Union Rescue Mission and Skid Row
Union Rescue Mission (URM) is one of the largest missions of its kind in America — bringing help and hope to men, women, and children experiencing homelessness in Downtown Los Angeles. URM was founded in 1891 by Lyman Stewart, president and
founder of Union Oil Company. George A. Hilton served as the first superintendent of the Mission, originally known as the Pacific Gospel Union. During those early days, URM took to the streets in gospel wagons to offer food, clothing, and salvation to the less fortunate. Over the years, URM has continued and expanded its efforts to feed both the body and the soul, helping individuals and families break the cycle of poverty and achieve self-sufficiency.

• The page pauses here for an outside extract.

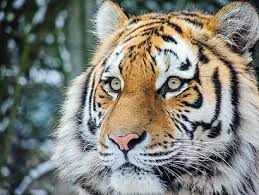 Koop je entreebewijs voor dierenpark amersfoort online, dan hoef je niet in de rij te staan. Wie Komme Ich Zu Dierenpark Amersfoort In Amersfoort Mit Dem Bus Oder Der Bahn Moovit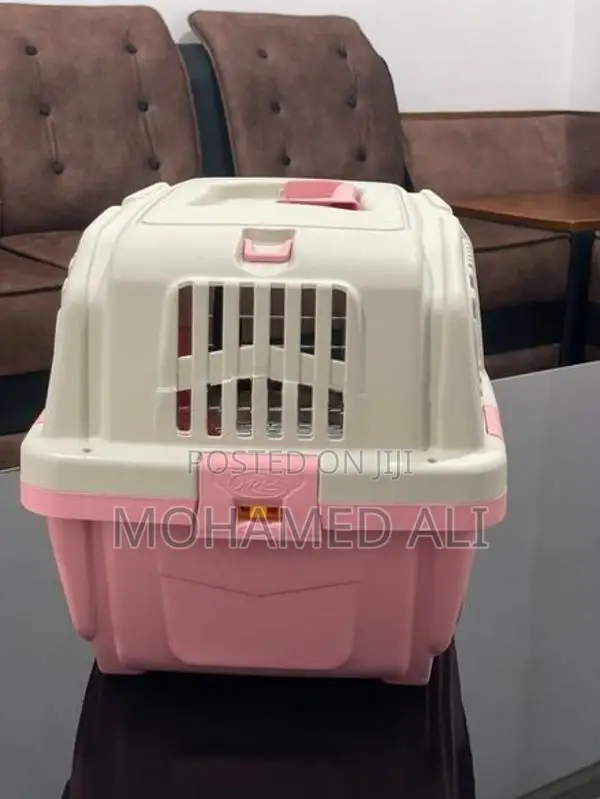 cat carrier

This 54-block area in downtown Los Angeles became Skid Row in the late 1800s — which was when Union Rescue Mission first opened its doors. This particular area was an ideal congregating spot for hobos, aimless rail riders, transient workers, and people running away from past lives because it was the last stop on the train for the whole country. Daily rate hotels and various entertainments (mostly bars and brothels) catered to the culture of rail riders who were transient by nature.
There may be several definitions of the boundaries of Skid Row, but the one we see to be most accurate and widely accepted is 3rd and 7th Streets, to the North and South, and Alameda and Main, to the East and West, respectively. The image on the left is from 1914, showing the Union Rescue Mission’s gospel wagon distributing food at the corner of First and Los Angeles Streets.